- PROBLEM REQUIREMENTS: From the line that contains "Full Bathroom | Towels Provided" to the final line below, both included, print each line exactly and skip the pictures.

- DATA SEGMENT:

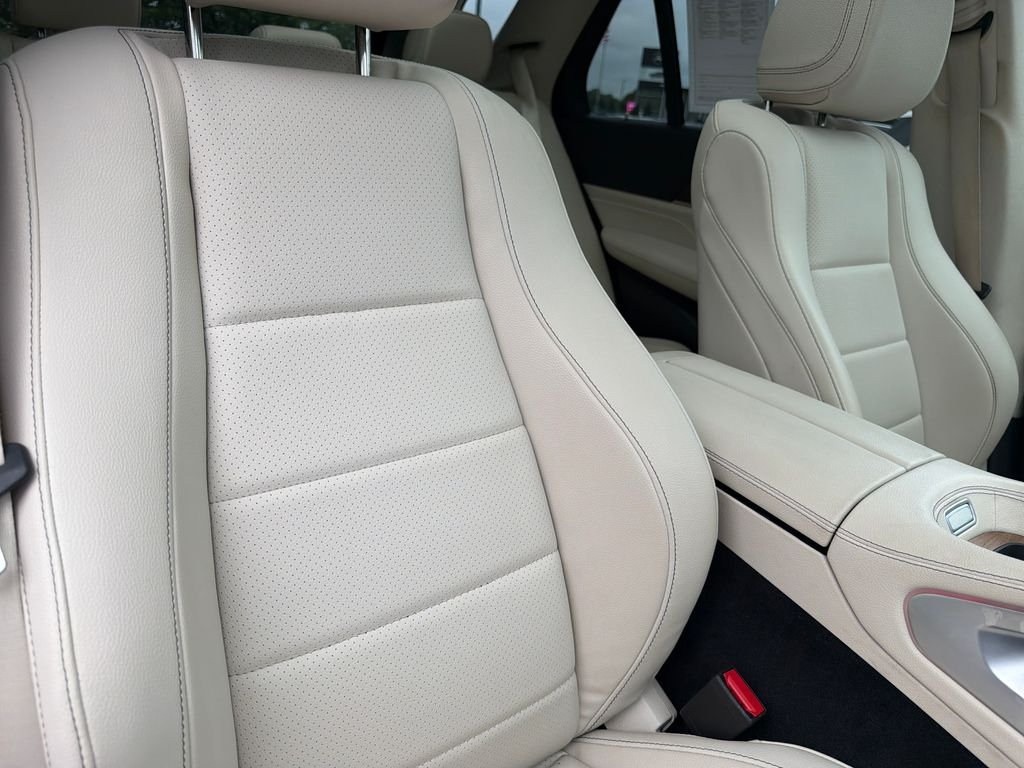 Certified Used 2024 Polar White Mercedes-Benz GLE 450 image 37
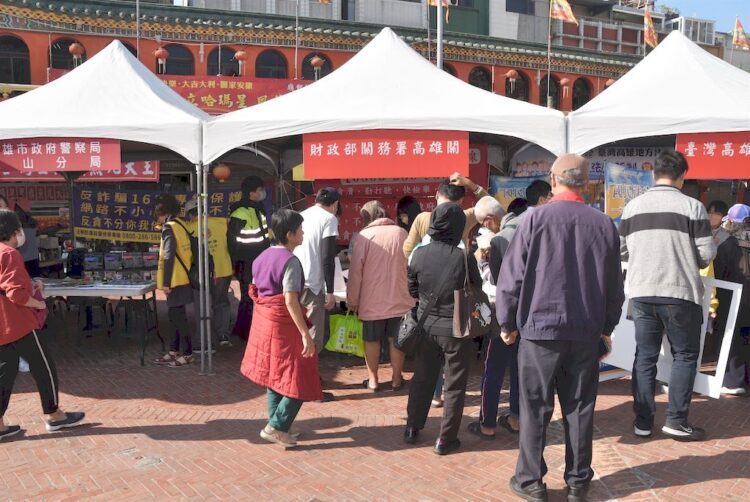 高雄關舉辦「祥龍倡廉潔．揮毫送春聯」與市民共同推動廉能海關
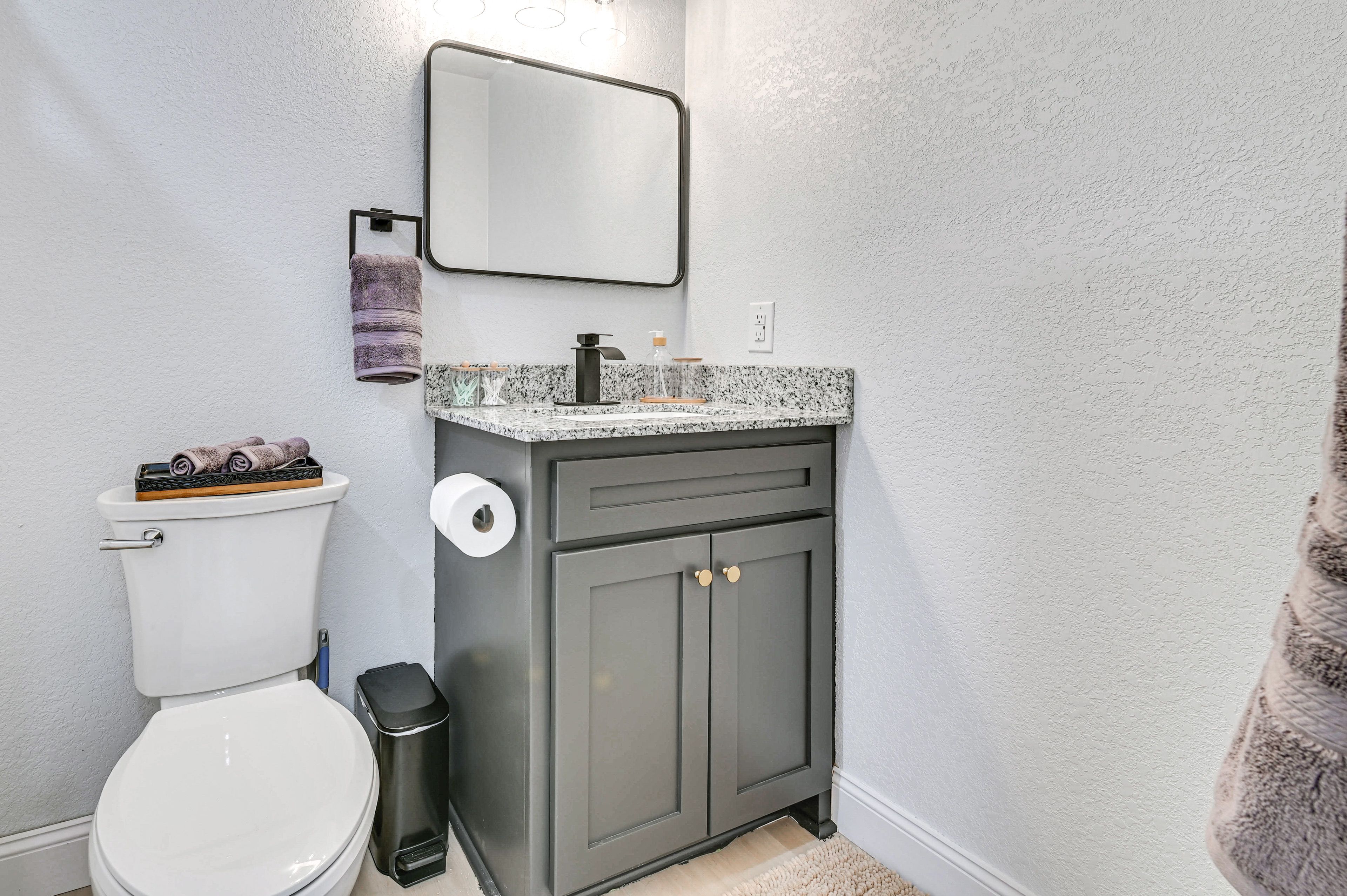 Full Bathroom | Towels Provided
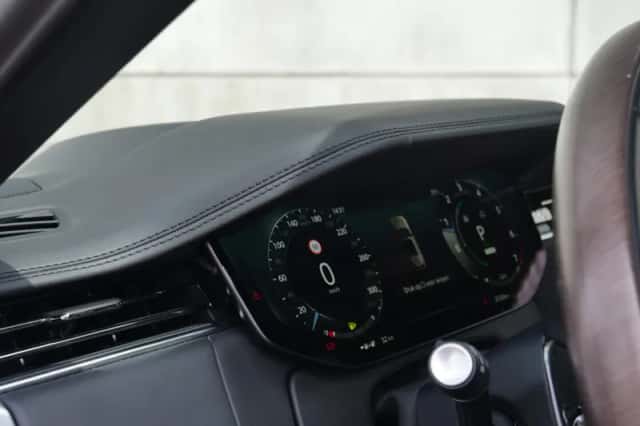 Land Rover Range Rover (2024) thumbnail 7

- REPLY:
 Full Bathroom | Towels Provided
 Land Rover Range Rover (2024) thumbnail 7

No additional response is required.